* **Data provided**
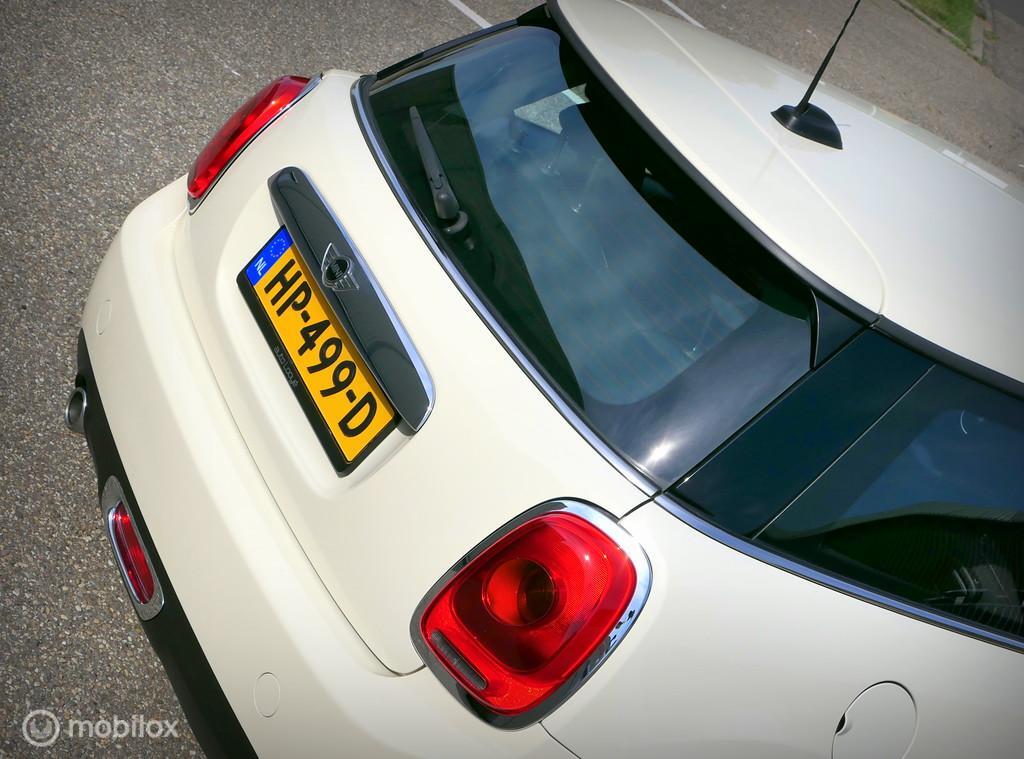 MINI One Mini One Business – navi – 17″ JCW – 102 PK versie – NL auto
--
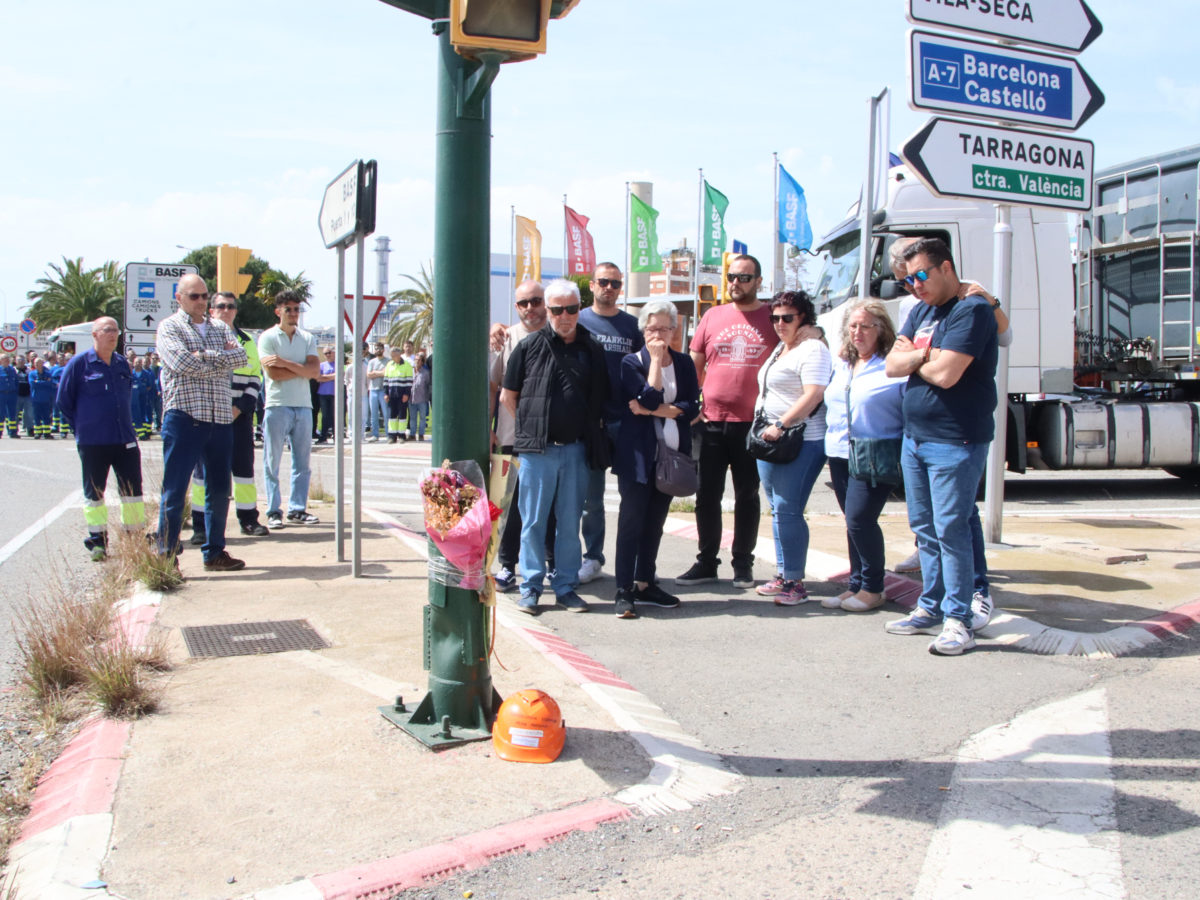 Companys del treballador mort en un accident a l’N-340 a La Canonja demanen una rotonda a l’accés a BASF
==
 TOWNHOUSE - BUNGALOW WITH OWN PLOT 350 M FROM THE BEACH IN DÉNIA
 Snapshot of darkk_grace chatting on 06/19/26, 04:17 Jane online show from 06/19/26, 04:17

* **Try it**
After locating the line holding "TOWNHOUSE - BUNGALOW" above, output exactly that line and every line after it through the line holding "Snapshot of darkk_grace". Include nothing else.

* **Solution**
 TOWNHOUSE - BUNGALOW WITH OWN PLOT 350 M FROM THE BEACH IN DÉNIA
 Snapshot of darkk_grace chatting on 06/19/26, 04:17 Jane online show from 06/19/26, 04:17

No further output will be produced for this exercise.